### INSTRUCTIONS FOR THE TASK:
Once you reach the line with "pink Quarantine Birthday" in the material below, copy each line exactly up to and including the line with "Index to areas", and skip the pictures.

### TASK MATERIAL:
--

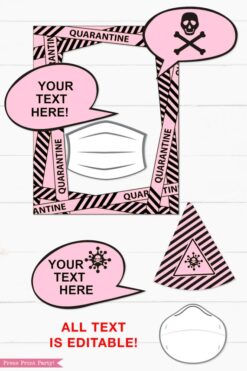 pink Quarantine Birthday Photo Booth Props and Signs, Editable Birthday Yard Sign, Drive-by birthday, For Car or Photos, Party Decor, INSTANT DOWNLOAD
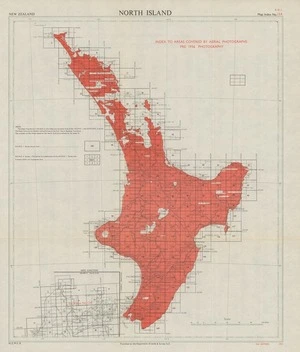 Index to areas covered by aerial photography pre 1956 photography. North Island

--

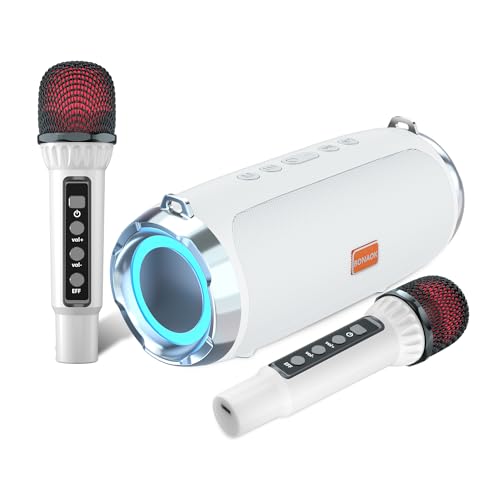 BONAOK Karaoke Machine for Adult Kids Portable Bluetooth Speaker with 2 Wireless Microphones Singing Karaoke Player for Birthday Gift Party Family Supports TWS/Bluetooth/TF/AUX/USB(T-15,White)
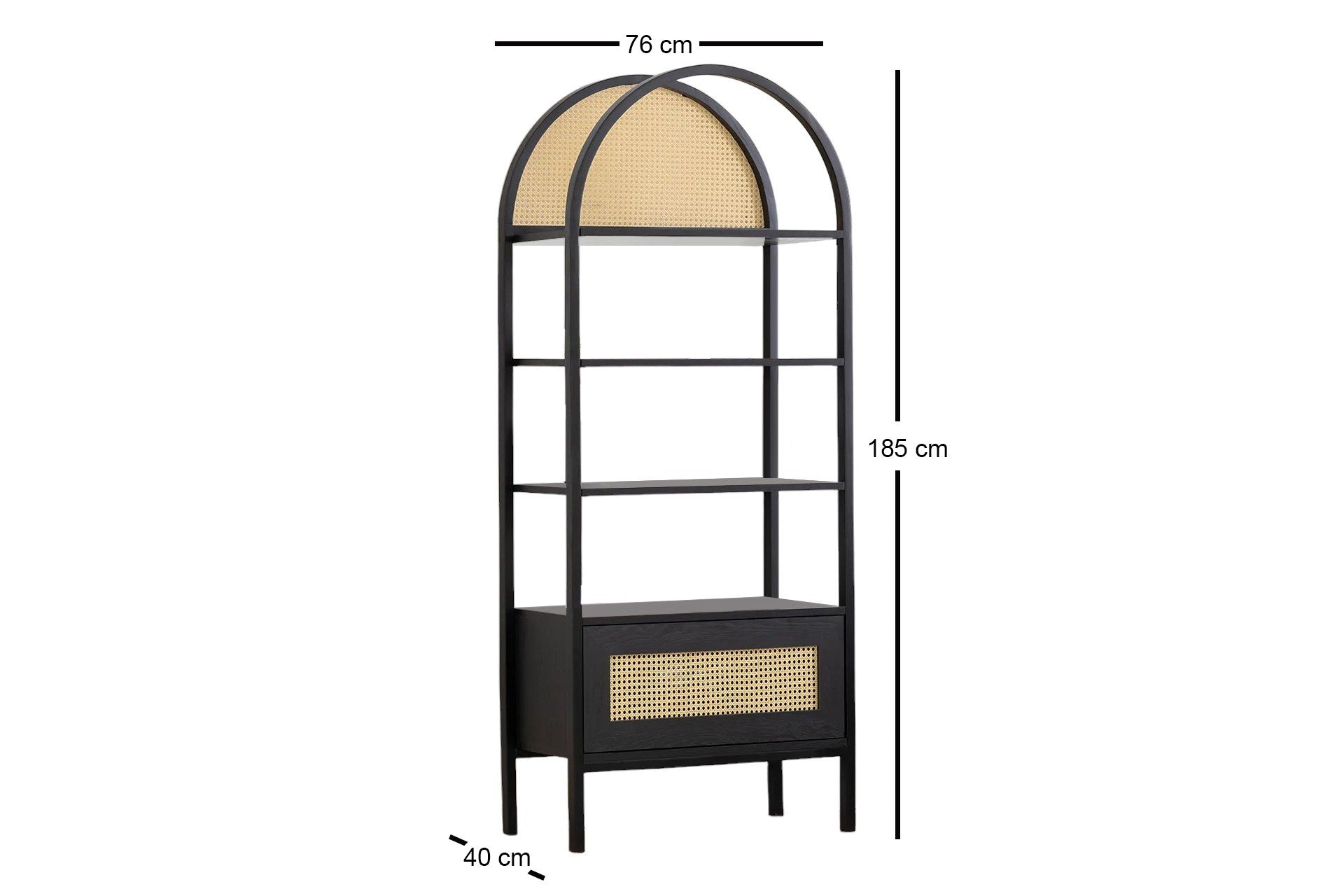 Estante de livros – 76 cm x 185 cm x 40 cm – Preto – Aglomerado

--

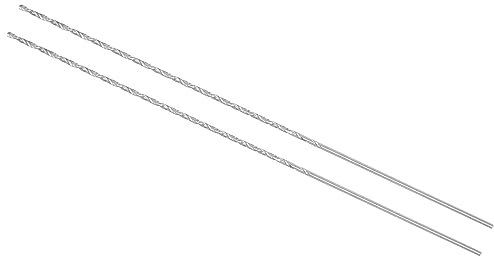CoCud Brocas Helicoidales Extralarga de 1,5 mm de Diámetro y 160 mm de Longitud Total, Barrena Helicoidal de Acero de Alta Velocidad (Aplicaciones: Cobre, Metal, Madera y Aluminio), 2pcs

--

### SOLUTION TO THE PROBLEM:
 pink Quarantine Birthday Photo Booth Props and Signs, Editable Birthday Yard Sign, Drive-by birthday, For Car or Photos, Party Decor, INSTANT DOWNLOAD
 Index to areas covered by aerial photography pre 1956 photography. North Island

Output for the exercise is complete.